Well, I guess I’ve always been a writer, but it didn’t occur to me that it would become the title on my business card for many years. That I’d be not just a writer but a Writer. Note the capital “W.”
Writing is one of those things you either love or hate. For me, writing has never felt like work, even when writing on challenging topics. I love words. I love the rhythmic, musical quality of a well-written sentence.
But even folks like me who enjoy flexing their writing muscles can find the blank page intimidating. When there’s a looming deadline and that flash of fear strikes the pit of my stomach, here are a few of the ways I cope.
- Distract yourself. I’m a big fan of the TV show 30 Rock. There’s a great episode where Jack Donaghy, Vice President of East Coast Television and Microwave Oven Programming, explains The Shower Principle. When he’s hitting a brick wall and is in need of inspiration, Jack takes a shower or sinks a few putts on a mini green to distract himself, allowing his brain to relax and ideas to pop into his head. The Shower Principle can apply to writing, too. Take a break. Watch a cute baby animal video.

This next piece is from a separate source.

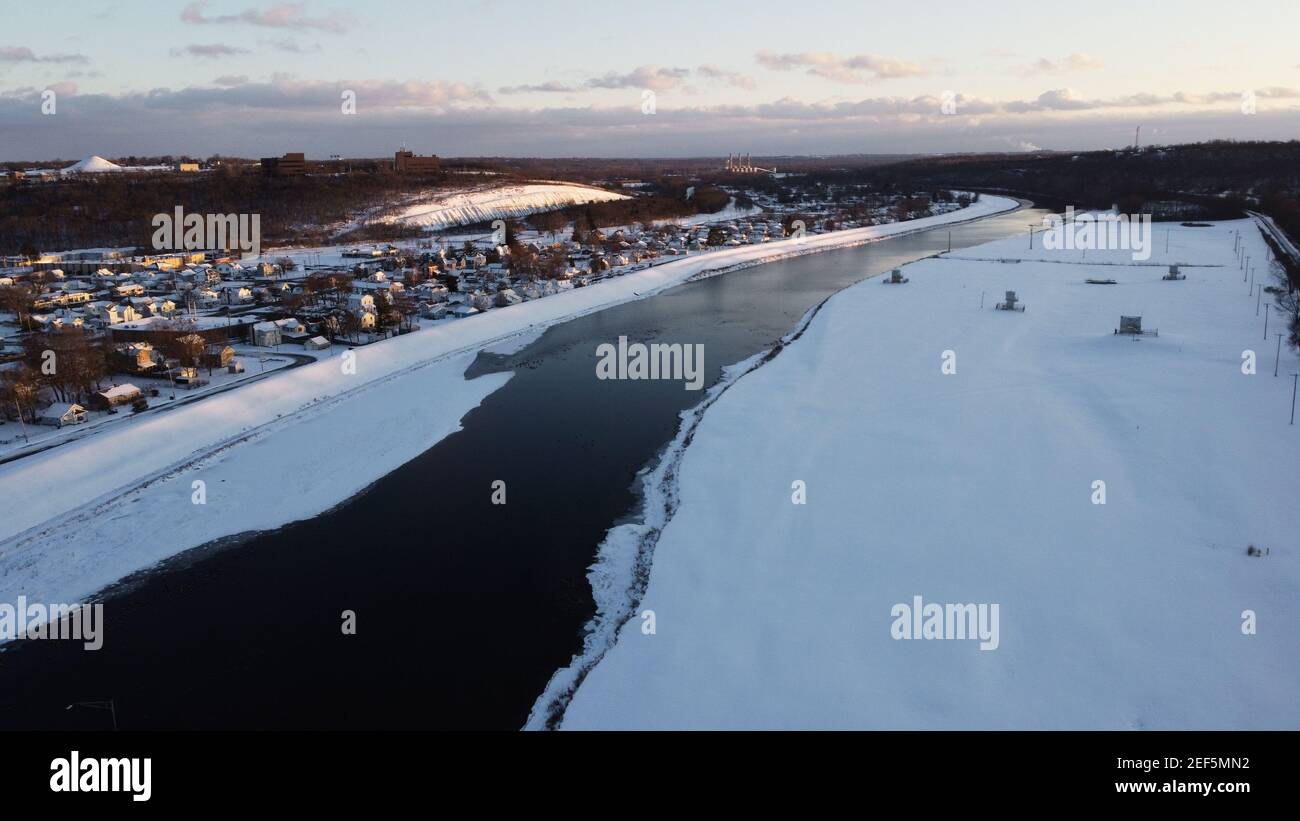 Miamisburg, United States. 16th Feb, 2021. (EDITORS NOTE: Image taken with drone)A general view of a partially frozen Great Miami River in Miamisburg. Winter Storm Uri leaves over six inches of snow in more than 25 states across the United States. Credit: SOPA Images Limited/Alamy Live News Stock Photo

Distract yourself for a few minutes and see what kind of ideas shake themselves loose.
- Go into Zen mode. And by Zen mode, I mean do what you can to banish disruption and distraction. Yes, I realize this might seem to directly contradict point one above, but different types of challenges require different types of solutions. Sometimes I need distraction, but sometimes I need to zone out before I can recalibrate and get back into writing mode. For example, I don’t know that I could have survived my senior year of college without my Moby “Play” CD. It was the perfect mix of atmospheric, ambient music that helped me tune everything else out and concentrate on the task at hand. Moby, if you’re reading this: My parents and my professors thank you.
- Bribe yourself. Sometimes you just need some extra motivation to get going, whether it’s the promise of a gingerbread latte or sunny walk around the neighborhood. Set a goal – such as, “if I write two good paragraphs, I’ll treat myself to something nice.” Be kind to yourself.
- Rest on your laurels – for just a minute. When I’m grappling with a tough assignment and I’m feeling less than confident, sometimes I like to take a minute or two to go back and re-read something I thought was an impossible task at the outset. It’s a good reminder that yes, I can do this project, too, however daunting it might seem at the moment.
And if you still find that your wheels are spinning…
- Just dive in. Really. Sometimes the best way to end up with something you’re proud of is to just start writing and see where it takes you. Get some ideas onto the page and roll with it. Free form. You might be surprised where you end up.